Task objective =>
Set out the records below again exactly; skip the images.

-- Provided data follows --

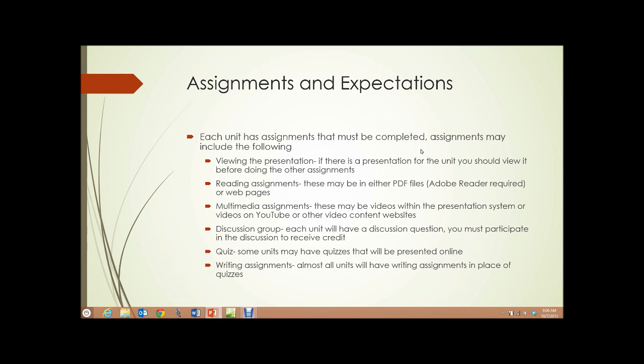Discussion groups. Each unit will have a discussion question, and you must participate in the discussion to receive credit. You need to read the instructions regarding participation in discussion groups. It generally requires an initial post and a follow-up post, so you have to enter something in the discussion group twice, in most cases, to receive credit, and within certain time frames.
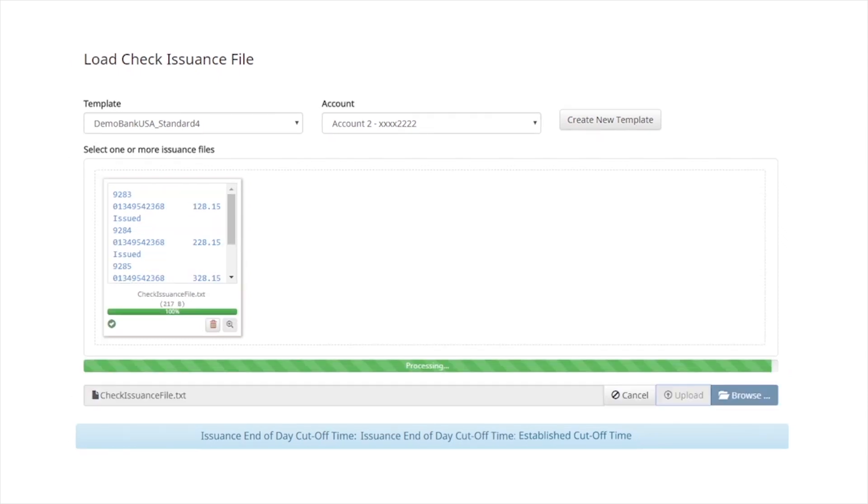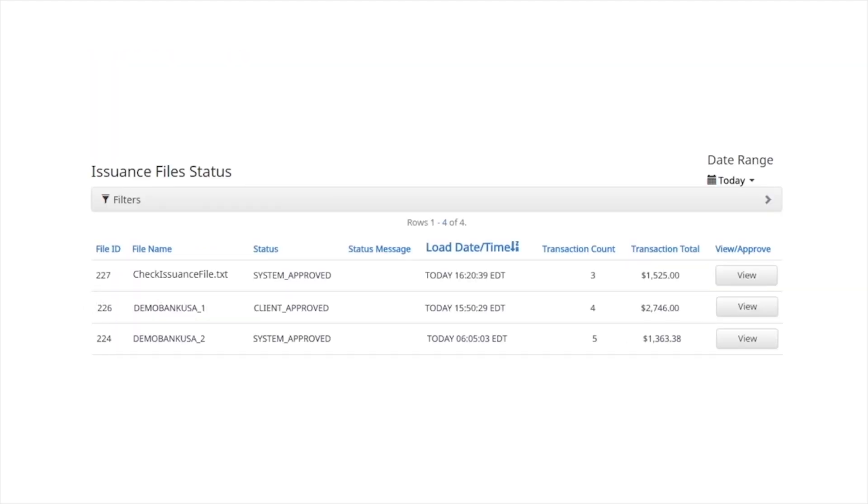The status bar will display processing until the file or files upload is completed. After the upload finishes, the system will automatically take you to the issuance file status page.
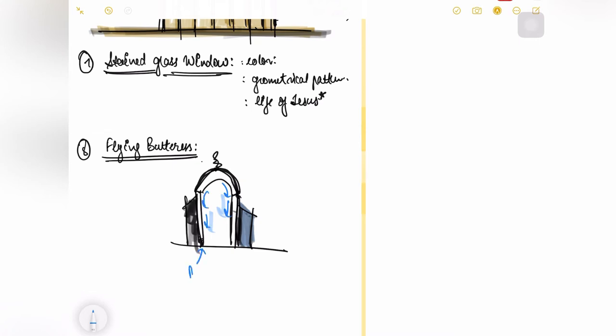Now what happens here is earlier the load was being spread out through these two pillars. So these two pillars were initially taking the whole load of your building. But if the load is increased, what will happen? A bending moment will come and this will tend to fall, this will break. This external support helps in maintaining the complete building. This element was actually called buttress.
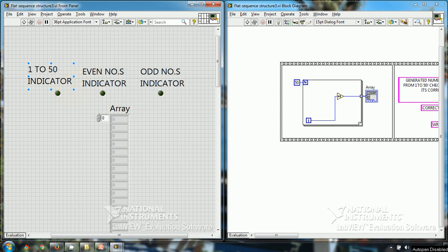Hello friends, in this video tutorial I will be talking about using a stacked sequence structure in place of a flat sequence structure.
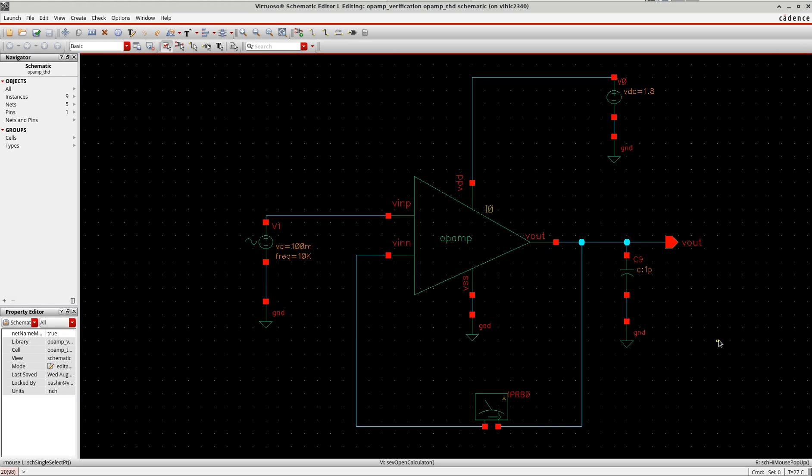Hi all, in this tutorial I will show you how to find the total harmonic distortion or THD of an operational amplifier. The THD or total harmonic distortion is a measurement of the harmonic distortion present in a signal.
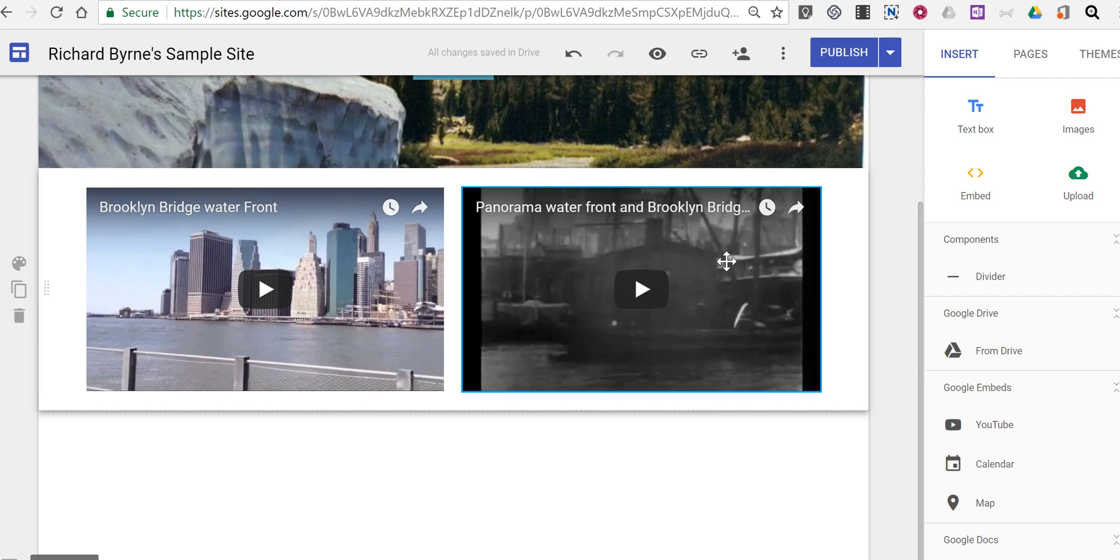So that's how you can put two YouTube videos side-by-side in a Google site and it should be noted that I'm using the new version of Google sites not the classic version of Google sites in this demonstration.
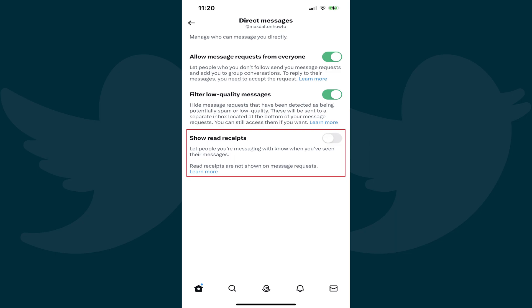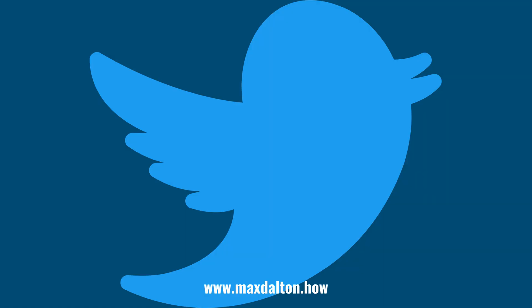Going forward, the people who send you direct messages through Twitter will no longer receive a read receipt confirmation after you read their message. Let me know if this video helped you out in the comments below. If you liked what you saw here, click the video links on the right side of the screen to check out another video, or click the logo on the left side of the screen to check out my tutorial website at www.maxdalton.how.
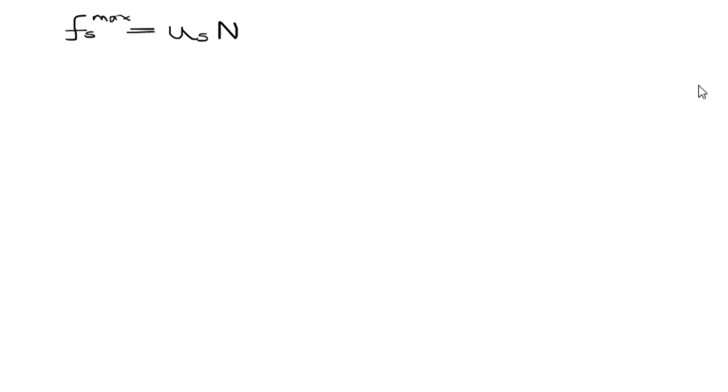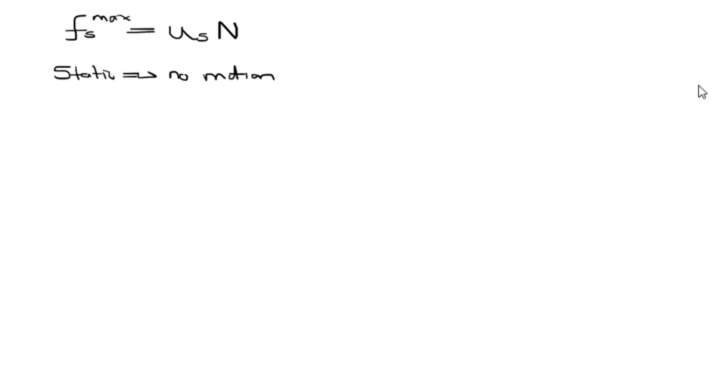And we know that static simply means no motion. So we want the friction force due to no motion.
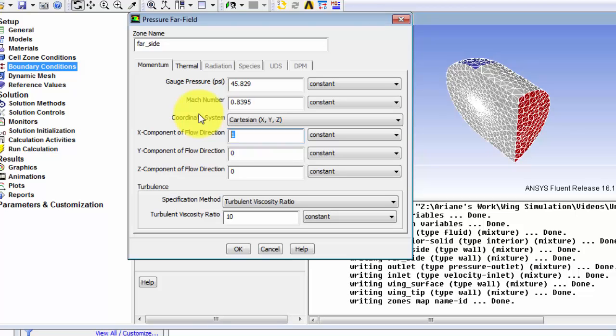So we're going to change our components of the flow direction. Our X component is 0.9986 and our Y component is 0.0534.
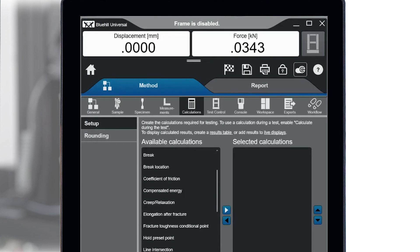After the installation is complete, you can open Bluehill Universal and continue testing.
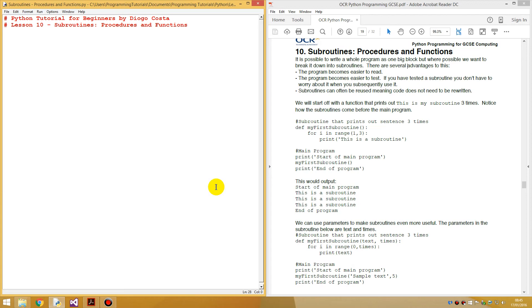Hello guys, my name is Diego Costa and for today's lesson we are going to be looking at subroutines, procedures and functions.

-- Provided data concluded --

Solution for this exercise =>
Discussion groups. Each unit will have a discussion question, and you must participate in the discussion to receive credit. You need to read the instructions regarding participation in discussion groups. It generally requires an initial post and a follow-up post, so you have to enter something in the discussion group twice, in most cases, to receive credit, and within certain time frames.
The status bar will display processing until the file or files upload is completed. After the upload finishes, the system will automatically take you to the issuance file status page.
Now what happens here is earlier the load was being spread out through these two pillars. So these two pillars were initially taking the whole load of your building. But if the load is increased, what will happen? A bending moment will come and this will tend to fall, this will break. This external support helps in maintaining the complete building. This element was actually called buttress.
Hello friends, in this video tutorial I will be talking about using a stacked sequence structure in place of a flat sequence structure.
Hi all, in this tutorial I will show you how to find the total harmonic distortion or THD of an operational amplifier. The THD or total harmonic distortion is a measurement of the harmonic distortion present in a signal.
So that's how you can put two YouTube videos side-by-side in a Google site and it should be noted that I'm using the new version of Google sites not the classic version of Google sites in this demonstration.
Going forward, the people who send you direct messages through Twitter will no longer receive a read receipt confirmation after you read their message. Let me know if this video helped you out in the comments below. If you liked what you saw here, click the video links on the right side of the screen to check out another video, or click the logo on the left side of the screen to check out my tutorial website at www.maxdalton.how.
And we know that static simply means no motion. So we want the friction force due to no motion.
So we're going to change our components of the flow direction. Our X component is 0.9986 and our Y component is 0.0534.
After the installation is complete, you can open Bluehill Universal and continue testing.
Hello guys, my name is Diego Costa and for today's lesson we are going to be looking at subroutines, procedures and functions.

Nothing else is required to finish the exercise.